[Devel] Re: [RFD][PATCH] memcg: Move Usage at Task Move

Tue Jun 10 20:03:45 PDT 2008

On Tue, 10 Jun 2008 17:26:37 +0900, KAMEZAWA Hiroyuki <kamezawa.hiroyu at jp.fujitsu.com> wrote:
> > > This is a trial to move "usage" from old cg to new cg at task move.
> > > Finally, you'll see the problems we have to handle are failure and rollback.
> > > 
> > > This one's Basic algorithm is
> > > 
> > >      0. can_attach() is called.
> > >      1. count movable pages by scanning page table. isolate all pages from LRU.
> > >      2. try to create enough room in new memory cgroup
> > >      3. start moving page accouing
> > >      4. putback pages to LRU.
> > >      5. can_attach() for other cgroups are called.
> > > 
> > You isolate pages and move charges of them by can_attach(),
> > but it means that pages that are allocated between page isolation
> > and moving tsk->cgroups remains charged to old group, right?
> yes.
> 
> > 
> > I think it would be better if possible to move charges by attach()
> > as cpuset migrates pages by cpuset_attach().
> > But one of the problem of it is that attch() does not return
> > any value, so there is no way to notify failure...
> > 
> yes, here again. it makes roll-back more difficult.
> 
I think so too. That's why I said "one of the problem".

> > > A case study.
> > > 
> > >   group_A -> limit=1G, task_X's usage= 800M.
> > >   group_B -> limit=1G, usage=500M.
> > > 
> > > For moving task_X from group_A to group_B.
> > >   - group_B  should be reclaimed or have enough room.
> > > 
> > > While moving task_X from group_A to group_B.
> > >   - group_B's memory usage can be changed
> > >   - group_A's memory usage can be changed
> > > 
> > >   We accounts the resouce based on pages. Then, we can't move all resource
> > >   usage at once.
> > > 
> > >   If group_B has no more room when we've moved 700M of task_X to group_B,
> > >   we have to move 700M of task_X back to group_A. So I implemented roll-back.
> > >   But other process may use up group_A's available resource at that point.
> > >   
> > >   For avoiding that, preserve 800M in group_B before moving task_X means that
> > >   task_X can occupy 1600M of resource at moving. (So I don't do in this patch.)
> > > 
> > >   This patch uses Best-Effort rollback.
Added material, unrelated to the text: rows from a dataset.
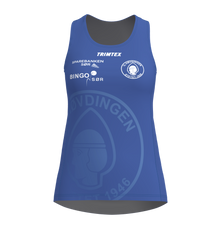 Run Singlet Dame (8827427881235)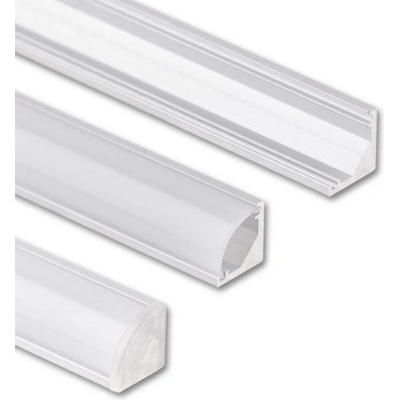 McLED 1m ML-761.002.74.1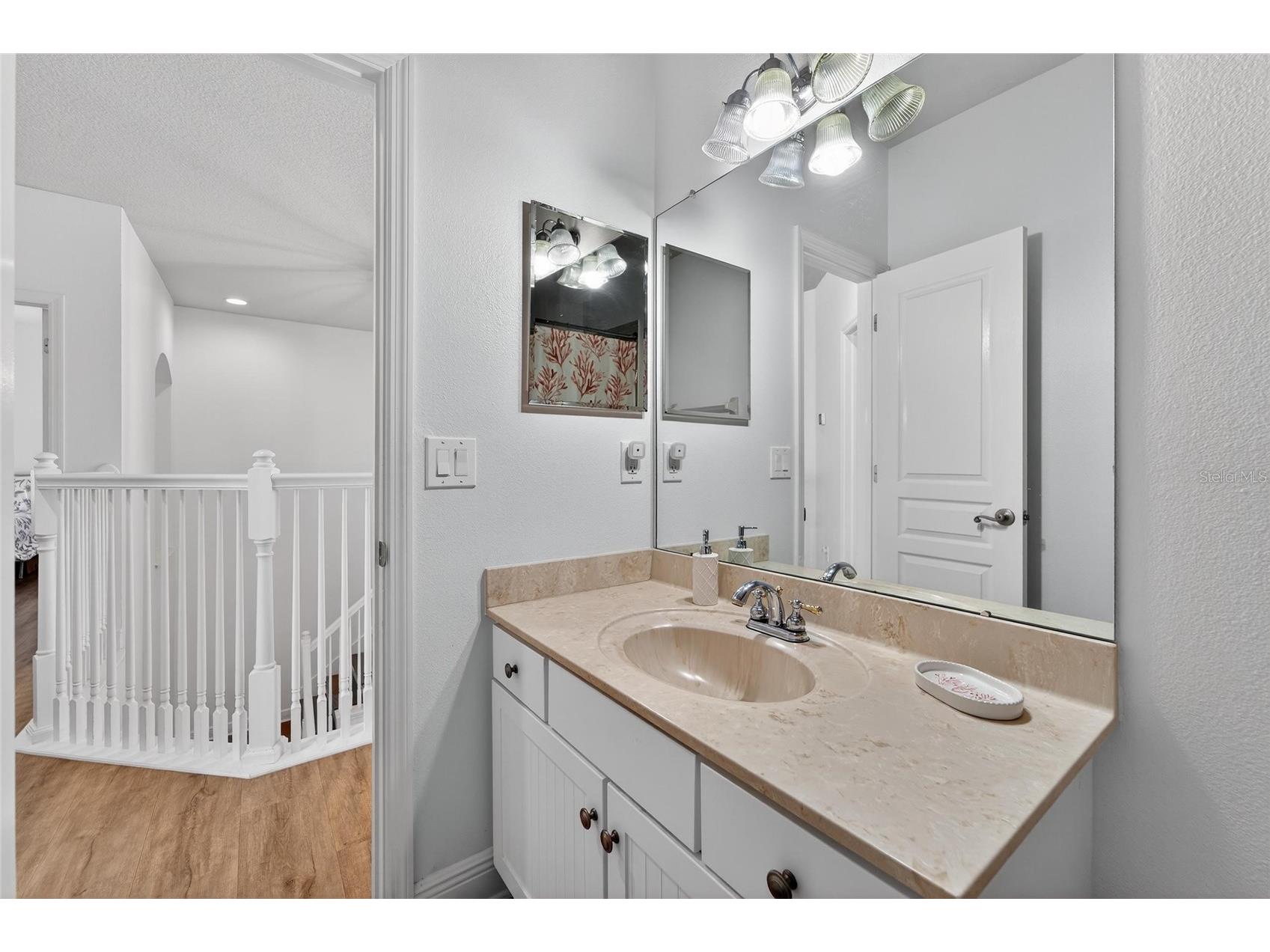 616 Mirabay Boulevard Apollo Beach FL 33572 TB8482158 image43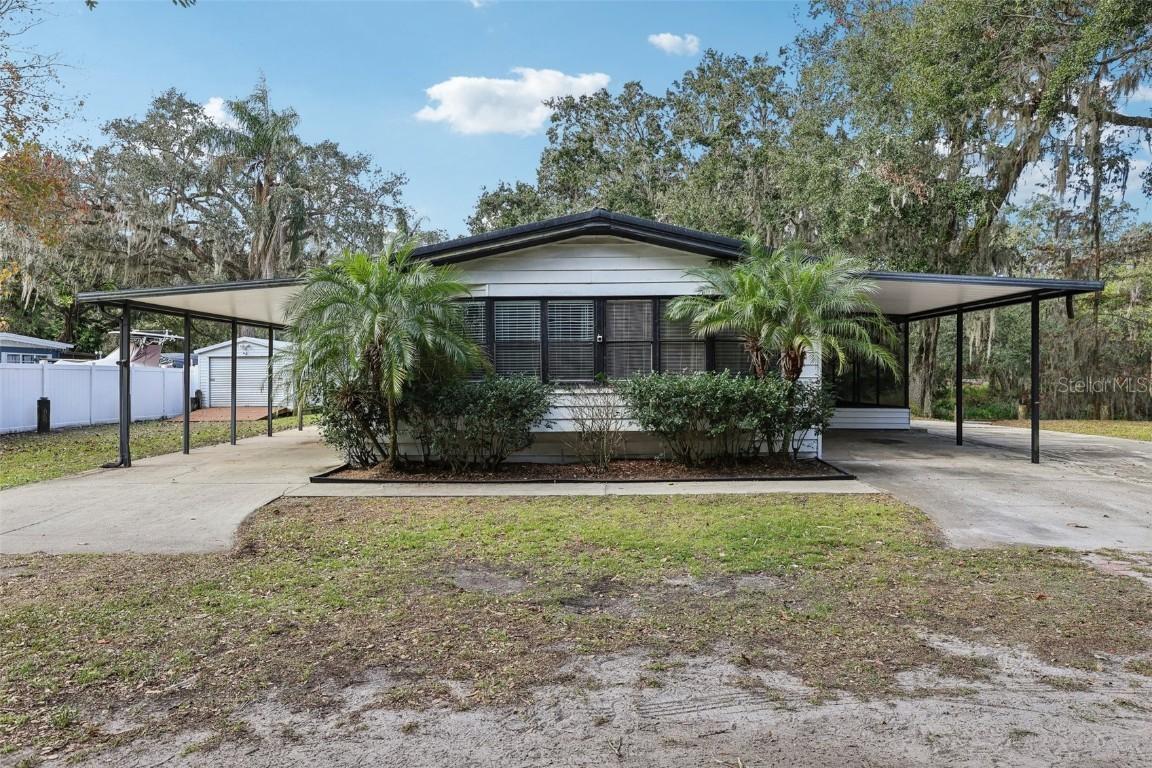3644 Sharpey Rd., Kissimmee, FL 34744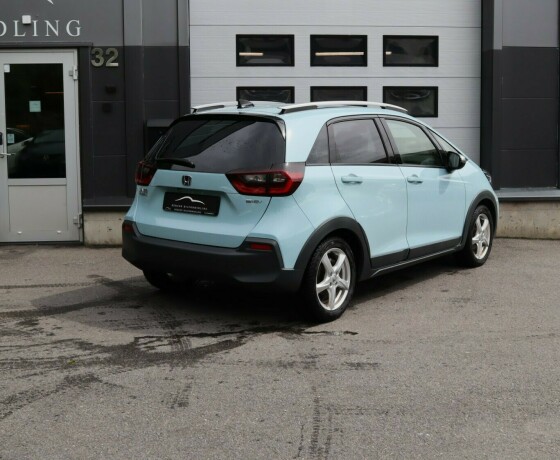 honda-jazz-elektrisitetbensin-2021-big-1
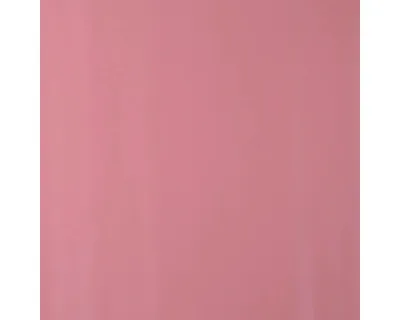 Image de Film autocollant Uni Matt Ash old pink 45x200 cm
Failure in rollback is ignored and
> > >   the usage is just leaked.
> > > 
> > If implement rollback in kernel, I think it must not fail to prevent
> > leak of usage.
> > How about using "charge_force" for rollbak?
> > 
> means allowing to exceed limit ?
> 
Yes.
I agree that exceeding limit is not good, but I
just feel that it's better than leaking usage.
Of cource, I think usage should be decreased later
by some methods.

> > Or, instead of implementing rollback in kernel,
> > how about making user(or middle ware?) re-echo pid to rollbak
> > on failure?
> > 
> 
> "If the users does well, the system works in better way" is O.K.
> "If the users doesn't well, the system works in broken way" is very bad.
> 
Hum...

I think users must know what they are doing.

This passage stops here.